● **RECORDS PROVIDED**

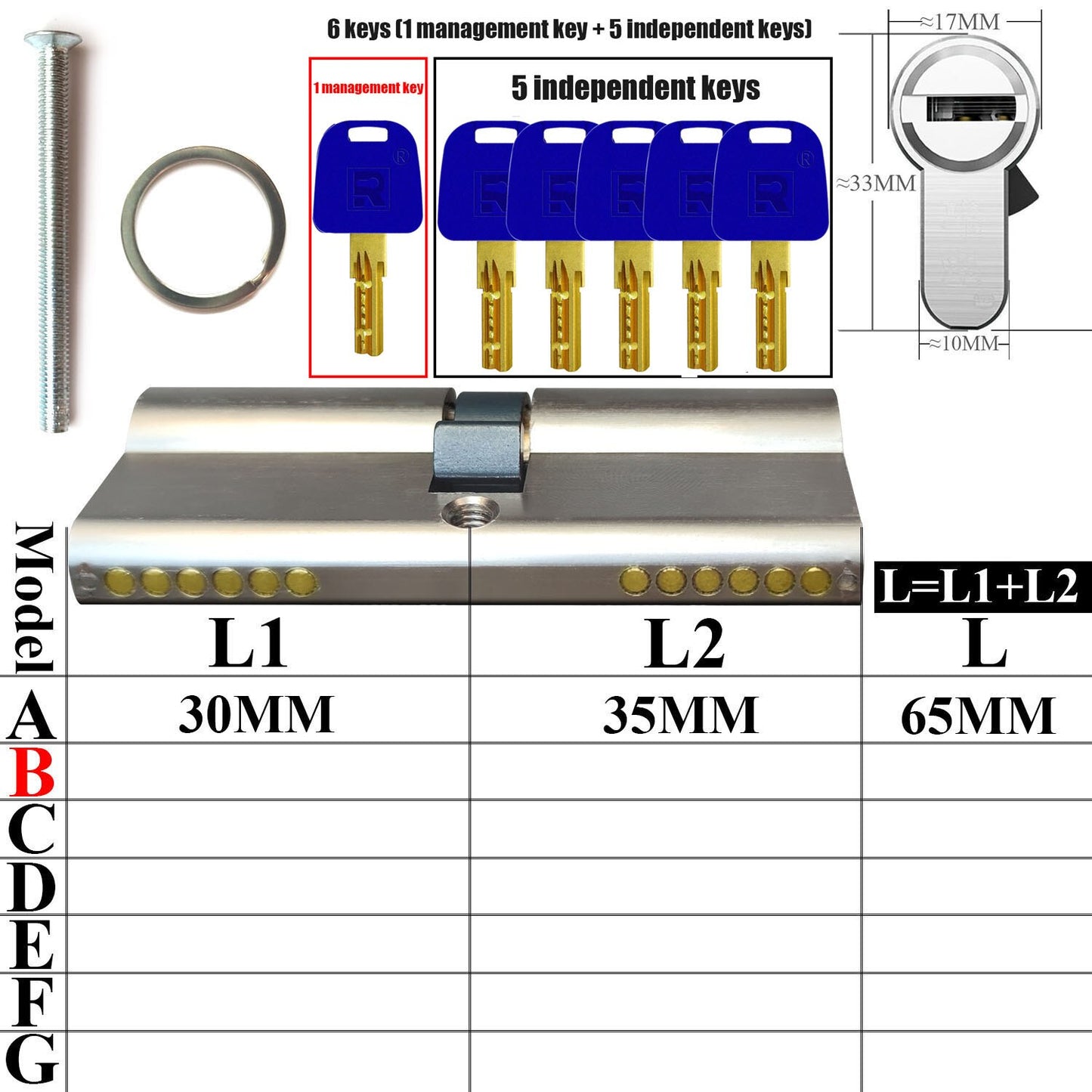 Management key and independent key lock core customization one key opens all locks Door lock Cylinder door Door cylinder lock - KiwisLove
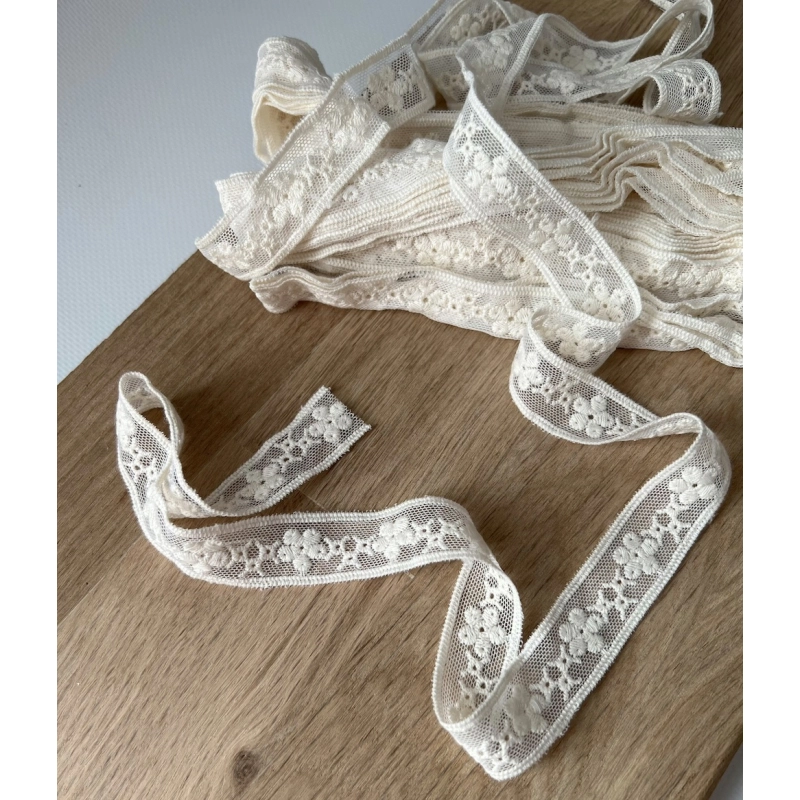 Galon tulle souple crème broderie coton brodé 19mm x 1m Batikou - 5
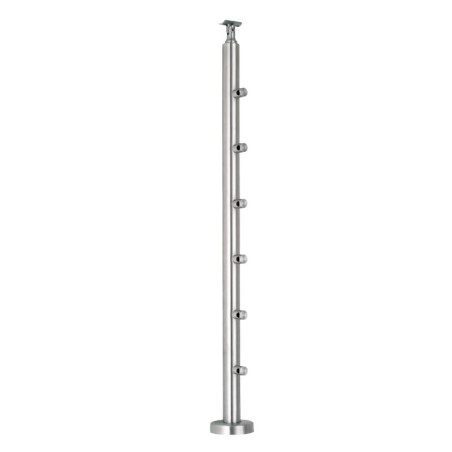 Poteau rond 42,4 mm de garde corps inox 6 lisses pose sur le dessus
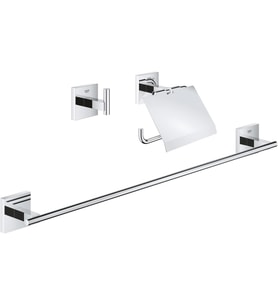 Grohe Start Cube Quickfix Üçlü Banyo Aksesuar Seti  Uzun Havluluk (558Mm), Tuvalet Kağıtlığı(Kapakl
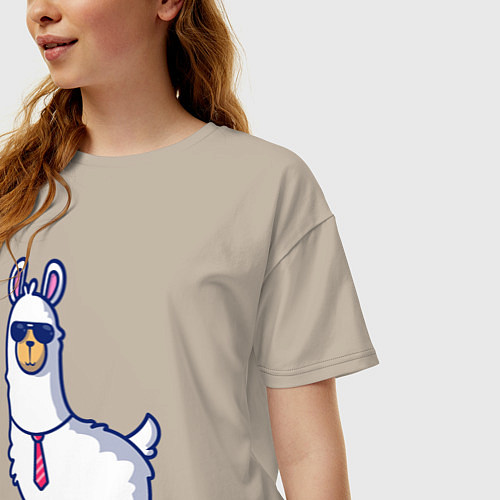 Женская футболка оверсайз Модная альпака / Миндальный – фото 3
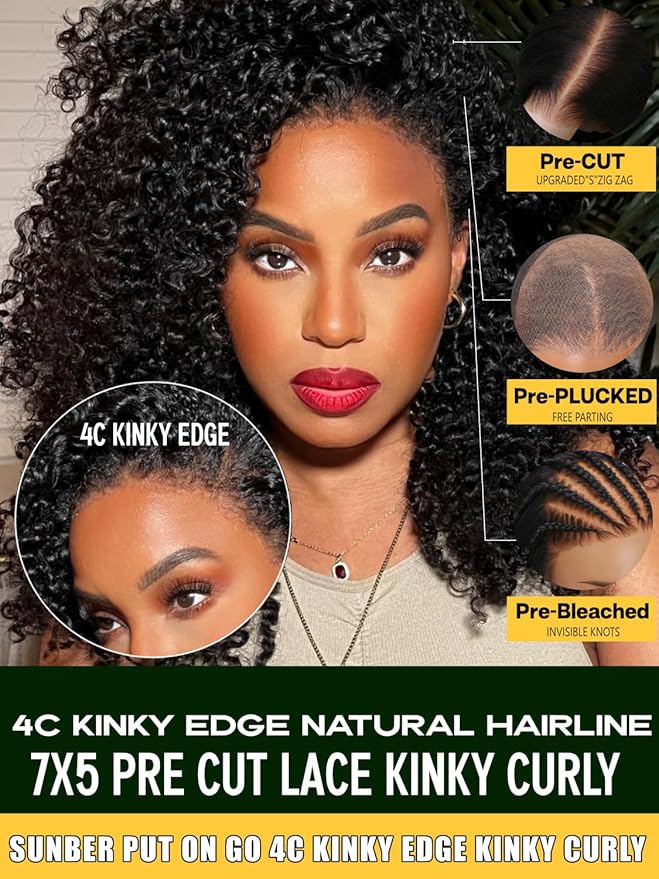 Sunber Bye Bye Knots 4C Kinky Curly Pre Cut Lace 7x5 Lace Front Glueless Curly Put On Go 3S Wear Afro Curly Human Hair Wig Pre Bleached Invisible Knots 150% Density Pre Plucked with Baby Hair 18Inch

● **PROBLEM TO WORK ON**
Pictures are to be omitted. Print exactly the lines from the line containing "Grohe Start Cube" through the final line of the material above, both included.

● **SOLUTION**
 Grohe Start Cube Quickfix Üçlü Banyo Aksesuar Seti  Uzun Havluluk (558Mm), Tuvalet Kağıtlığı(Kapakl
 Женская футболка оверсайз Модная альпака / Миндальный – фото 3
 Sunber Bye Bye Knots 4C Kinky Curly Pre Cut Lace 7x5 Lace Front Glueless Curly Put On Go 3S Wear Afro Curly Human Hair Wig Pre Bleached Invisible Knots 150% Density Pre Plucked with Baby Hair 18Inch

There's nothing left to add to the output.